# Jobs
> This script fetches, processes and analyzes [job postings by Netflix](https://jobs.netflix.com/search?page=2&location=Los%20Angeles%2C%20California~Remote%2C) for its Los Angeles office. 

#### Load Python tools and Jupyter config

In [81]:
import re
import json
import sqlite3
import requests
import numpy as np
import pandas as pd
import jupyter_black
import altair as alt
from bs4 import BeautifulSoup
from tqdm.notebook import tqdm
from collections import Counter

In [22]:
jupyter_black.load()
pd.options.display.max_columns = 20
pd.options.display.max_rows = 20
pd.options.display.max_colwidth = None

In [3]:
today = pd.Timestamp("today").strftime("%Y%m%d")

---

## Fetch

#### Headers and parameters for initial request

In [4]:
headers = {
    "authority": "jobs.netflix.com",
    "user-agent": "Mozilla/5.0 (Macintosh; Intel Mac OS X 10_15_7) AppleWebKit/537.36 (KHTML, like Gecko) Chrome/122.0.0.0 Safari/537.36",
}

params = {}

#### Initial request to get the total number of pages

In [5]:
response = requests.get(
    "https://jobs.netflix.com/api/search", params=params, headers=headers
)
data = response.json()
total_pages = data["info"]["postings"]["num_pages"]

#### Loop through each page to fetch postings

In [None]:
all_postings = []

for page in tqdm(range(1, total_pages + 1)):
    params["page"] = page
    response = requests.get(
        "https://jobs.netflix.com/api/search", params=params, headers=headers
    )
    postings = response.json()["records"]["postings"]

    all_postings.extend(postings)

  0%|          | 0/20 [00:00<?, ?it/s]

---

## Process

#### Convert the list of postings into a pandas DataFrame

In [7]:
cols = [
    "external_id",
    "slug",
    "text",
    "department",
    "team",
    "state",
    "updated_at",
    "created_at",
    "location",
    "organization",
    "subteam",
    "lever_team",
    "description",
    "search_text",
]

src = pd.DataFrame(all_postings)[cols]

In [8]:
src = pd.DataFrame(all_postings)[cols]

#### Deal with lists in some columns

In [9]:
def extract_first_item(list_like):
    """Extract the first item from a list-like object or return None if empty."""
    if list_like and isinstance(list_like, list):
        return list_like[0]
    return None

#### Apply the function to each list column

In [10]:
src["team"] = src["team"].apply(extract_first_item)
src["subteam"] = src["subteam"].apply(extract_first_item)
src["organization"] = src["organization"].apply(extract_first_item)

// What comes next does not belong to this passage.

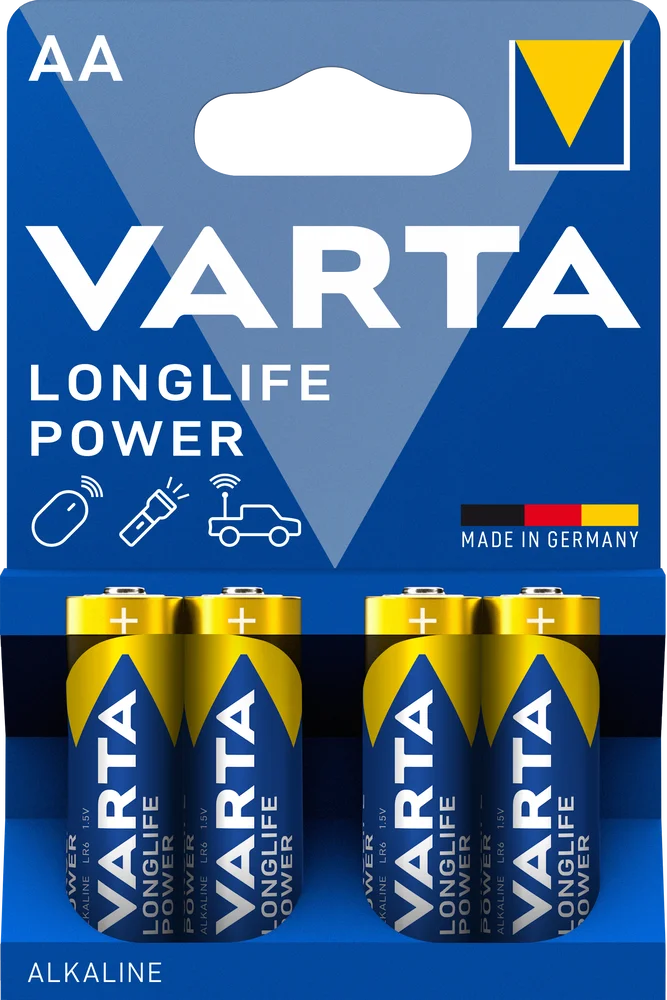 Batteri Longlife Power AA 4stk v:6692700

#### Strip markup from description columns

In [11]:
def strip_html_tags(content):
    """Remove HTML tags from the provided content."""
    if content:
        soup = BeautifulSoup(content, "html.parser")
        return soup.get_text(separator=" ", strip=True)
    return content

#### Apply the function to strip HTML from the 'description' and 'search_text' columns

In [12]:
src["description"] = src["description"].apply(strip_html_tags)
src["search_text"] = src["search_text"].apply(strip_html_tags)

#### Deal with all dates

In [None]:
src["created_at"] = pd.to_datetime(src["created_at"])
src["updated_at"] = pd.to_datetime(src["updated_at"])

---

## Extract

#### Function to extract salary ranges

In [77]:
def extract_salary(text):
    pattern = r"the\s+range\s+for\s+this\s+role\s+is\s+(\$\d{1,3}(?:,\d{3})+)(?:\s*-\s*(\$\d{1,3}(?:,\d{3})+))?"
    match = re.search(pattern, text, re.IGNORECASE)

    if match:
        return match.group(1), match.group(2) if match.group(2) else np.nan
    return np.nan, np.nan

#### Apply the function and directly split the results into two new columns

In [78]:
src["salary_lower"], src["salary_upper"] = zip(
    *src["description"].apply(extract_salary)
)

#### Function to clean and convert salary values

In [79]:
def clean_salary(salary):
    if pd.isna(salary):
        return np.nan
    return float(salary.replace("$", "").replace(",", ""))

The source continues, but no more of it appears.